On the one hand, I think it means places are less likely to flat-out fail, given that the exposure garnered through Twitter and the like means that everyone has heard about you, saw your opening photos, and heard reports from visitor #1, but on the other hand, that can go not so well if initial opinion is poor, or even if you are a bit crap “at” social media/PR. House of Tides, let’s be seeing ya?
We headed down when the coop was not even a week old, so, trying trying to offer some constructive here… It’s got a good spot on Collingwood Street (NE1 1JE), and you can just imagine the pissed-up frequenters of “the diamond strip” clambering for some chicken, reminiscent of that horrid Channel 4 series. It’s the latest in a line of “we’ll do one ingredient, and do it well” eateries which are finally making their way up from darn sarf.

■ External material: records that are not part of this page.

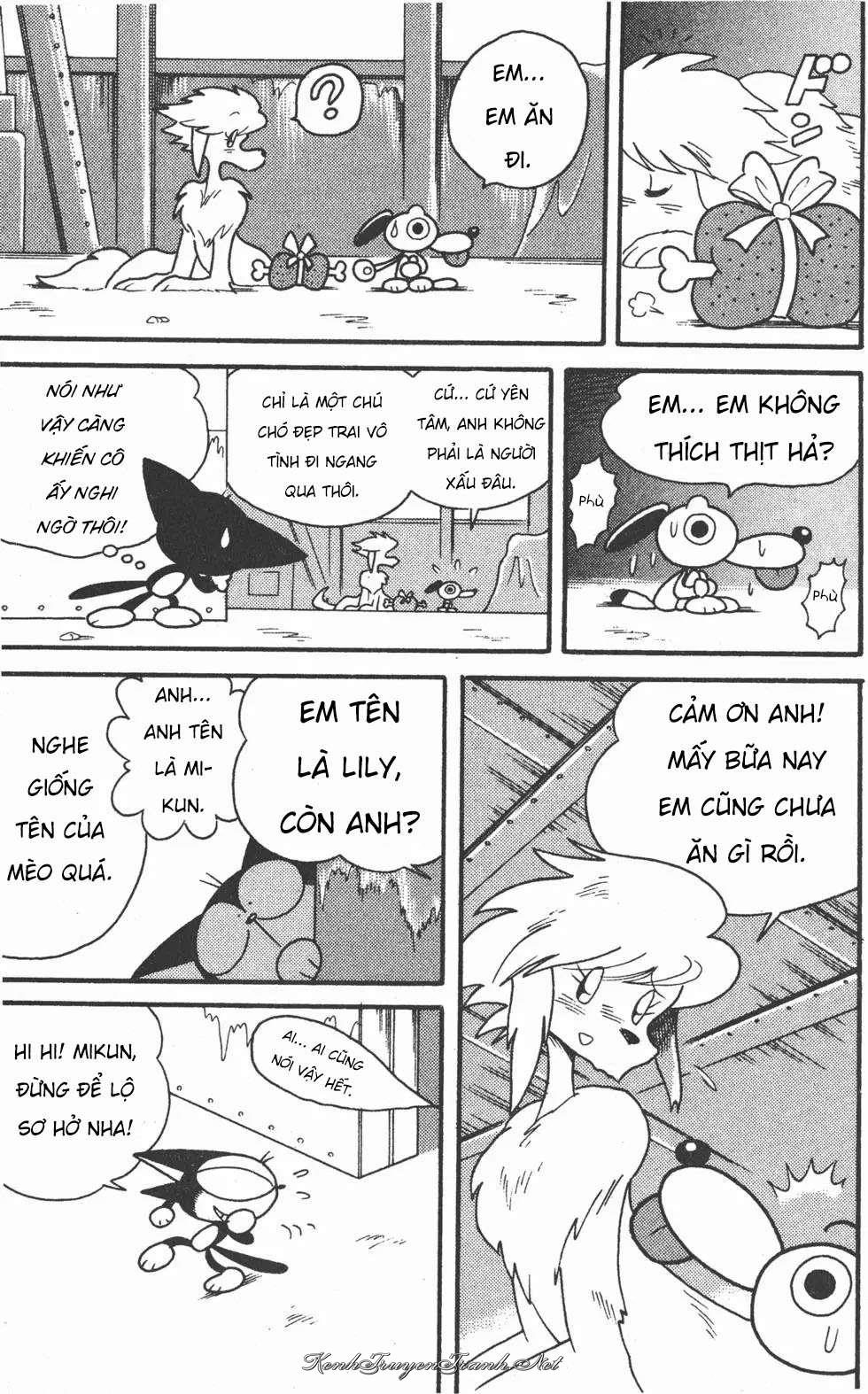 Truyện VI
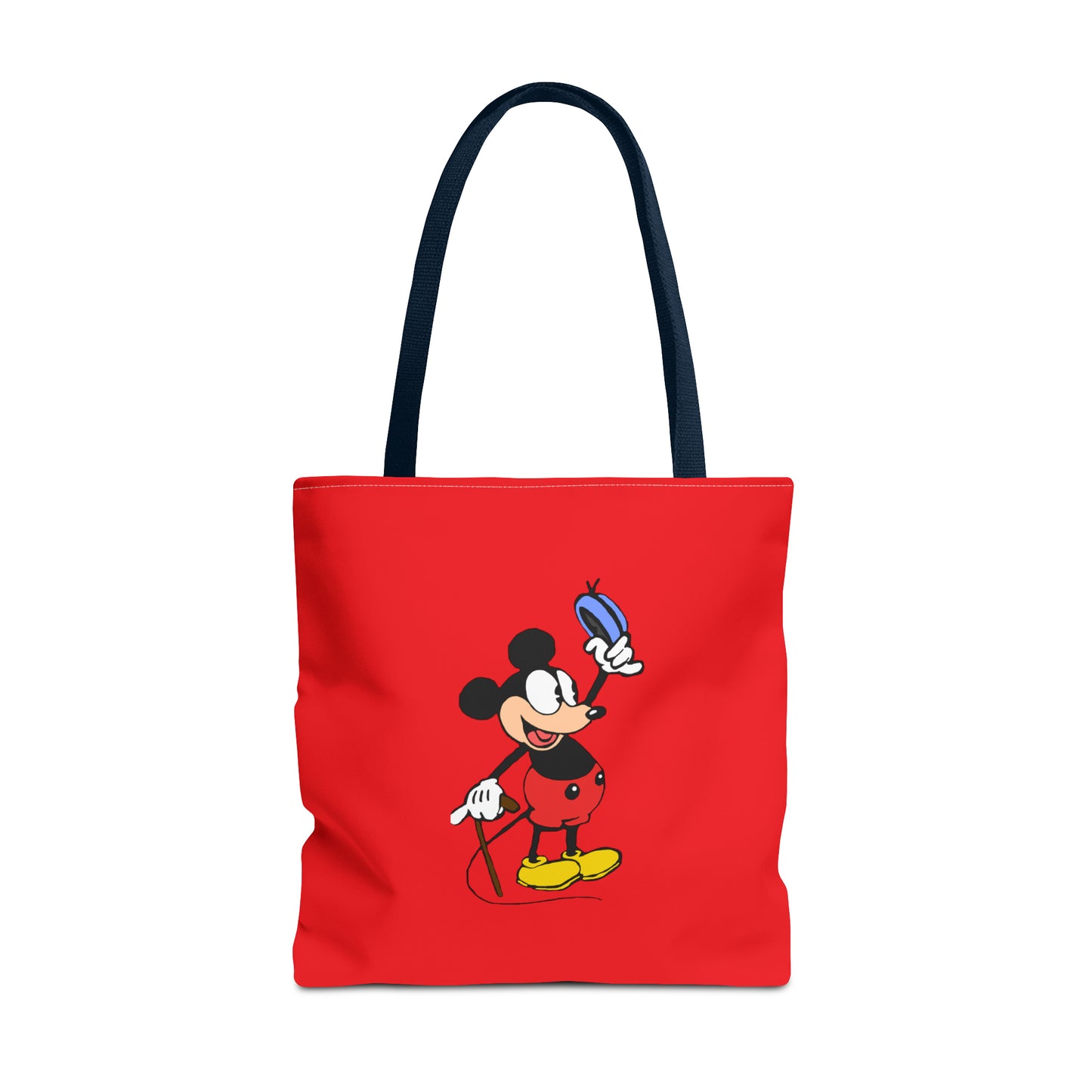 "Mickey & Minnie Black Love" Tote bag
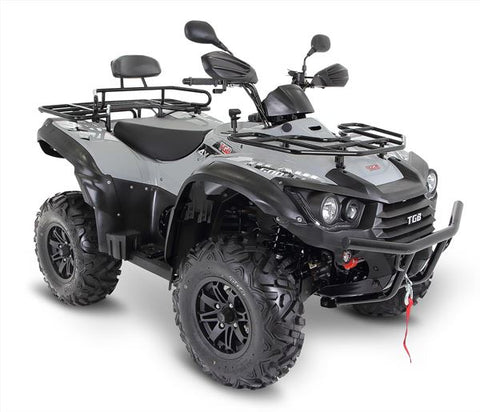 TGB Blade 600SL 561cc Grey Agricultural Quad Bike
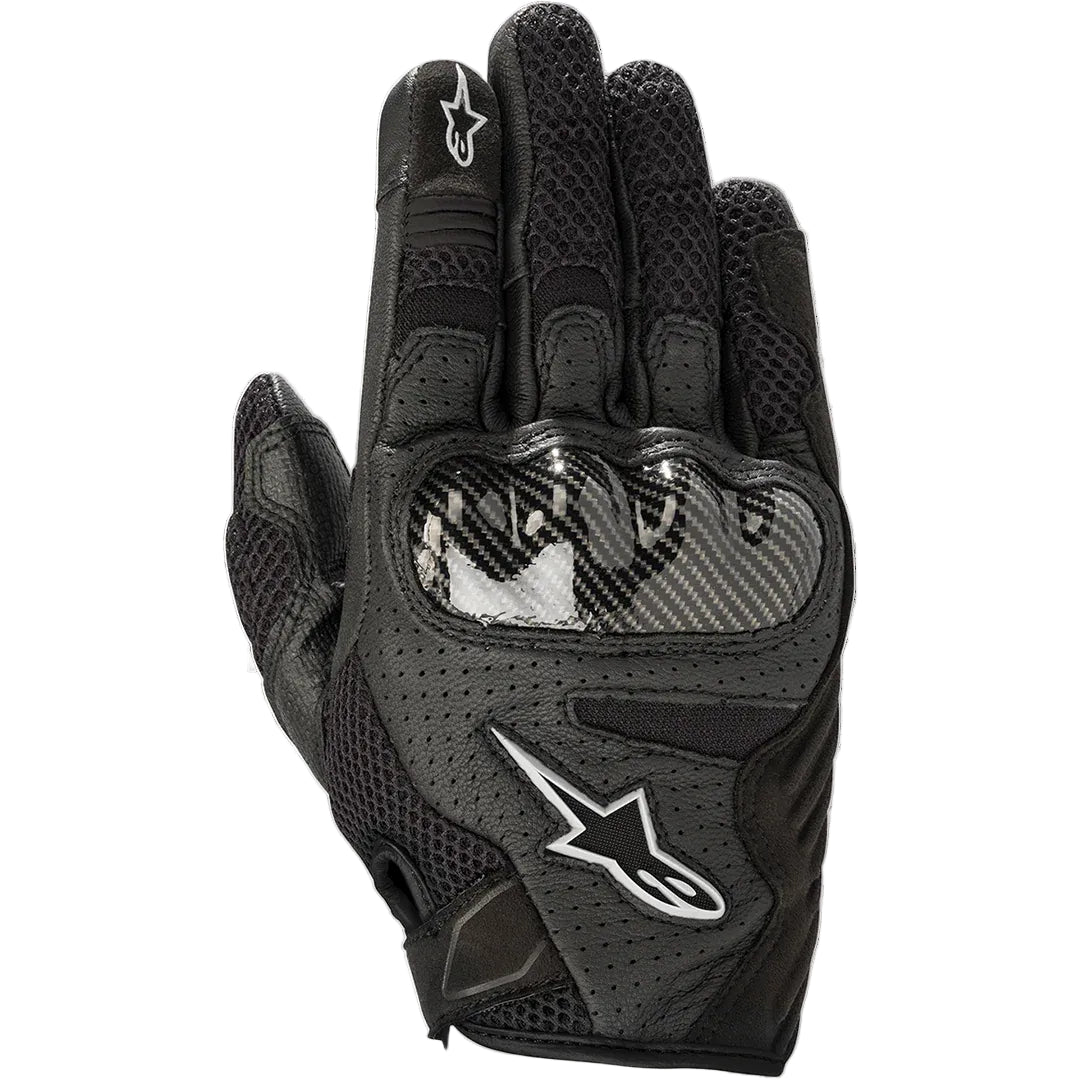 LUVAS ALPINESTARS STELLA SMX1-AIR V2 PRETO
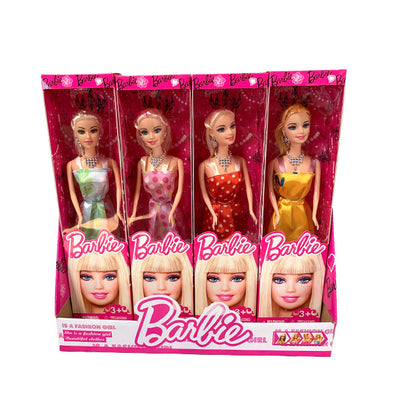 Figurine Barbie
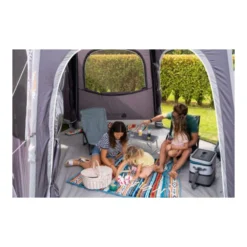 Vango Airbeam Vango Hexaway Pro Air Mid Awning -Outdoor Camping Discount hexaway pro air tall 7 1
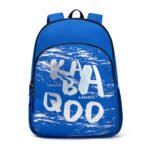 Fashion Backpack Blue Travel Bag  School Backpack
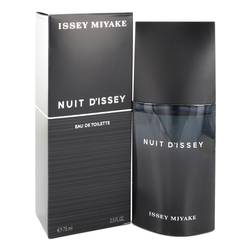 Nuit D'issey Eau De Toilette Spray By Issey Miyake for men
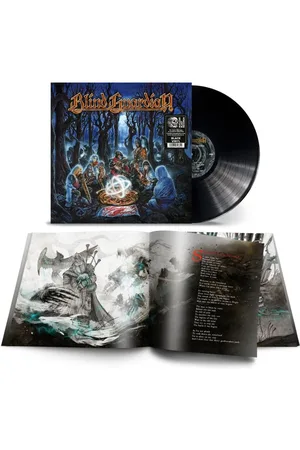 Blind Guardian LP - Somewhere far beyond Revisited - varten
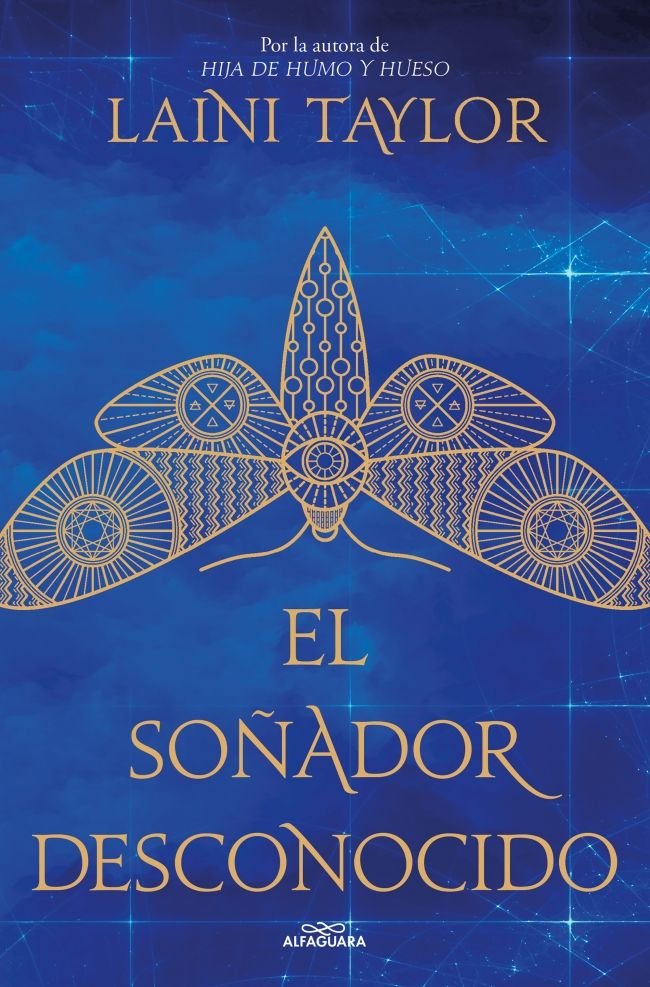 El soñador desconocido, de Taylor, Laini | portada del libro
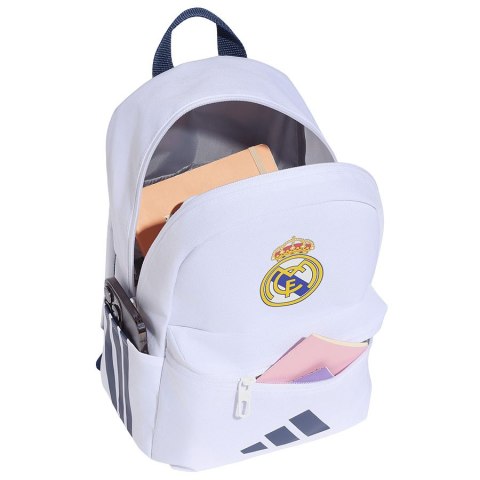 Plecak adidas Real Madryt 2026/27 Junior KR7557 biały Adidas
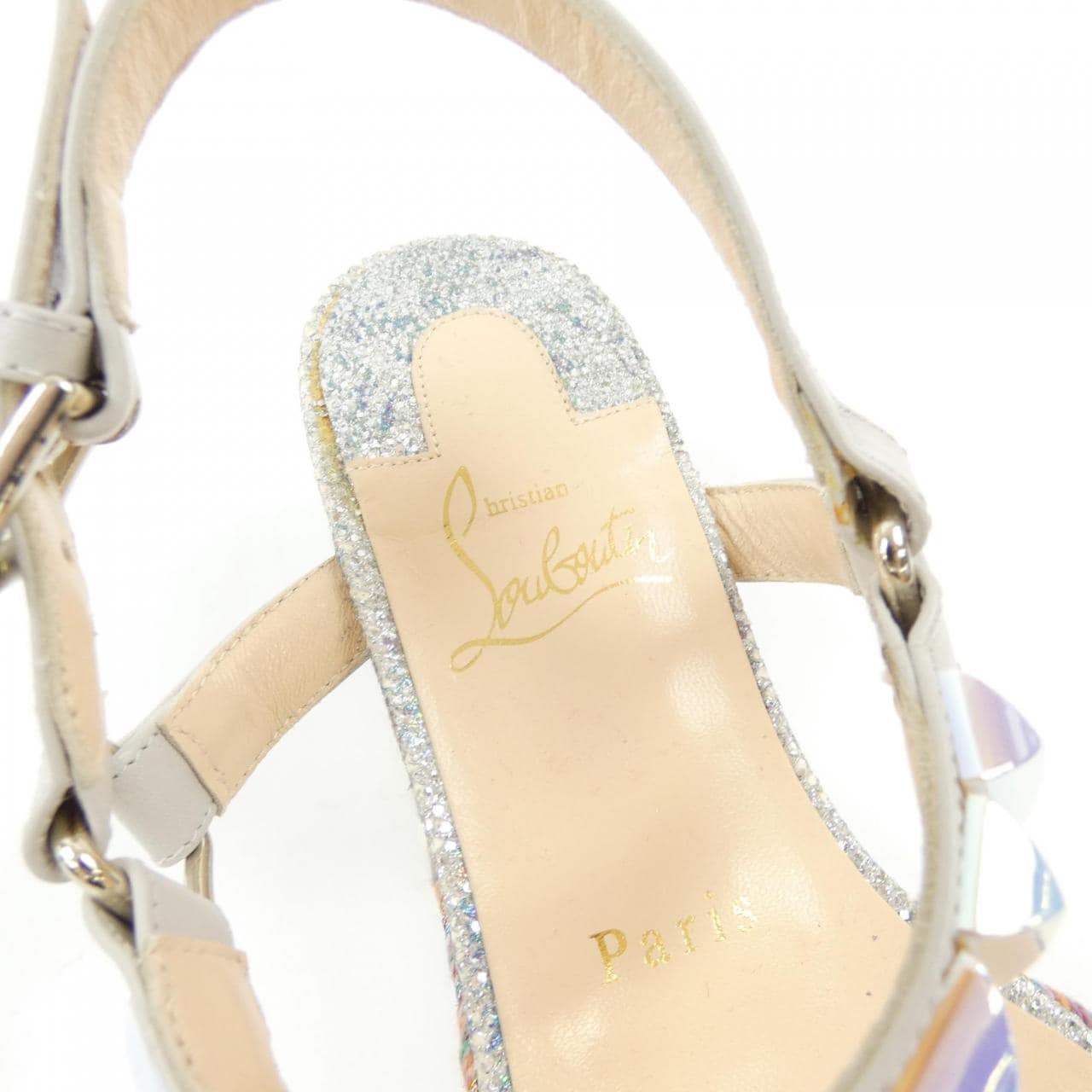 克里斯提·鲁布托CHRISTIAN LOUBOUTIN) 凉鞋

So, to the star, the chicken. Expectation was high – for slightly blackened, smokey BBQ chicken. Beer can chicken. Proper buffalo wings. I dunno, maybe chicken feet. Anything like that. Possibly slathered in some sort of sauces, and served dripping with juices, much like that large chain of Portuguese restaurants does quite well, but even better, because, y’know, it’s an indie. But.
The chicken arrives chopped into large bits, as if by axe, which makes for friendlier communal eating, but it’s done with a bit of a gammy hand, so you end up with some annoyingly small and splintering bones. Over on “the Twitter” there’s’ some distemper going on for the lack of free-range birds being used, but y’know what, give these guys a chance. It’s £13 for a whole chicken, and that’s without the Nando’s buying power. The meat is very juicy and soft and tastes a bit more like a great roast than what the menu calls – “gnarly & charred”, and “best-ever”. The great shame though, is the skin which is just flaccid, or in my books, inedible.
To go with the bird we ordered the fries (£3) – well, we devoured these and nigh on a whole bottle of the sweet & tangy house BBQ sauce, and then ordered another portion – pretty good going for the humble chip. Less impressed with the coleslaw (£3), which had some of those huge bits of cabbage, and was just a bit, meh…I made some far superior slaw the next day for just a few pence. Corn on the cob (£3) was soft, juicy and absolutely dripping with butter, but was begging for some of that “gnarly, char” from the all important charcoal.
The rest of the short menu is to the point, including the drinks choices, with a few decent sounding beers, and one cider – OK, but £4.50, and wine, which the Mrs. did not enjoy. Pretty warming & friendly interior design, though heavy on the chicken theme, is matched by the canny attentive service. They obviously have big plans for the future, with a private dining room next door.
I’m sure the COOP chicken house guys will find their feet and step it up a notch – a quick chat with the manager revealed he was still getting to grips with grilling chicken; temperatures, distance from heat etc. which is fair enough, but really this should have been honed to god-like perfection before opening? Abandon all cutlery, embrace the post-meal wet wipes, stick it to Nando’s and have a go. More of a one to watch at the moment, but we’ll be back after the opening period with a fairer assessment.